By converting invariant variables from function parameters to global variables, the number of parameters of the generated recursive functions is reduced, and invariant variables can be shared between recursive functions generated from outer loops and those generated from inner loops. This reduces the generated recursive functions' stack sizes and eliminates instructions passing the invariant variables as arguments.

2) Optimizing Passing Return Values: When using a Return Value Structure, the created instance behaves like an invariant variable, as it is modified only once in the last call to the recursive function before being returned from each recursion layer. Accordingly, we can allocate the instance in the data segment of the memory as well. This reduces stack usage and eliminates instructions returning the instance.

#### V. LIMITING RECURSION DEPTH

Although the optimizations mentioned above can reduce the stack sizes and instruction counts of the generated recursive functions, deep recursions left unchecked still have the potential to consume excessive stack space, resulting in stack overflow exceptions. To solve this problem, it is viable to limit recursion depth. We can accomplish this in two ways: iteratively invoking a depth-limited recursive function, or invoking a recursive function containing loop iterations.

#### A. Iteratively Invoking a Depth-limited Recursive Function

To limit recursion depth to k, we can transform a large loop of n iterations into a smaller loop of n/k iterations, with each iteration calling a recursive function with a depth limit of k.

Such a scheme requires us to track recursion depth. This can be implemented using an additional parameter serving as a recursion depth counter. When the recursive function is called from outside the recursive function, 0 is passed. The caller's parameter is incremented with each recursive call and passed to the callee. Should the incremented parameter equals the recursion depth limit, we will return from recursion instead of continuing recursion before invoking the recursive function from the outside again.

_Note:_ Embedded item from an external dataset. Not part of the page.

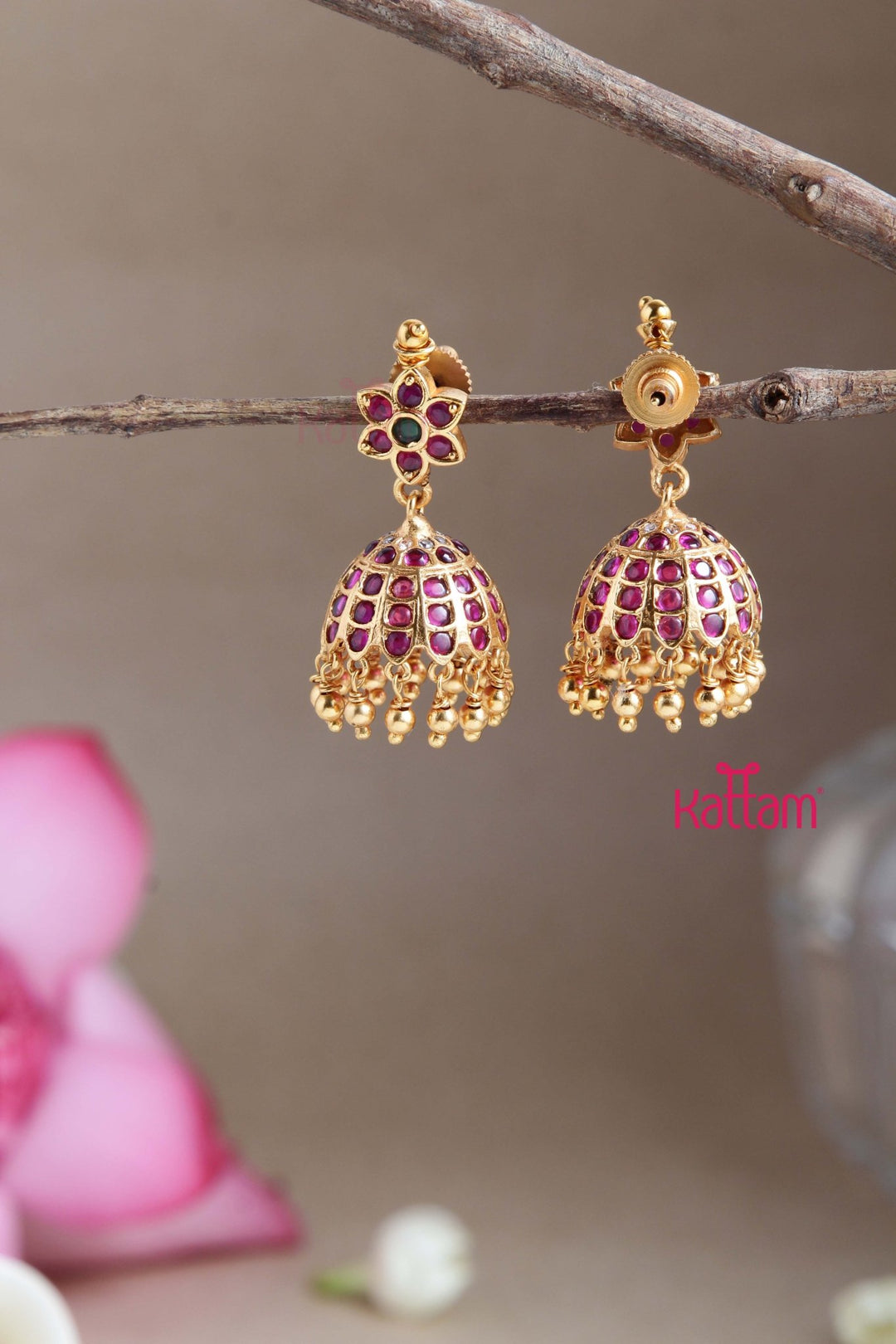 Kemp Jhumka - Design 4 - E789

Such a scheme also requires knowing the appropriate values of variant variables to pass to the recursive function each time and when to stop. Thus, we can tailor a Recursion State Structure that encompasses such information. Analogous to the Return Value Structure, we can also allocate an instance of the Recursion State Structure in the data segment of the memory. Whenever we return from recursion due to the recursion depth limit, the subsequent values of the variant parameters and the value *false* (meaning the recursive function has to be invoked again from the outside) are written to the Recursion State Structure instance. In contrast, the value true is written in the last call to the recursive function. In iteratively invoking the recursive function, such a boolean value is checked each time the recursive function returns. If it is *false*, the next values of the variant variables are fetched from the Recursion State Structure instance, and the recursive function is invoked again. Elsewise, we have finished.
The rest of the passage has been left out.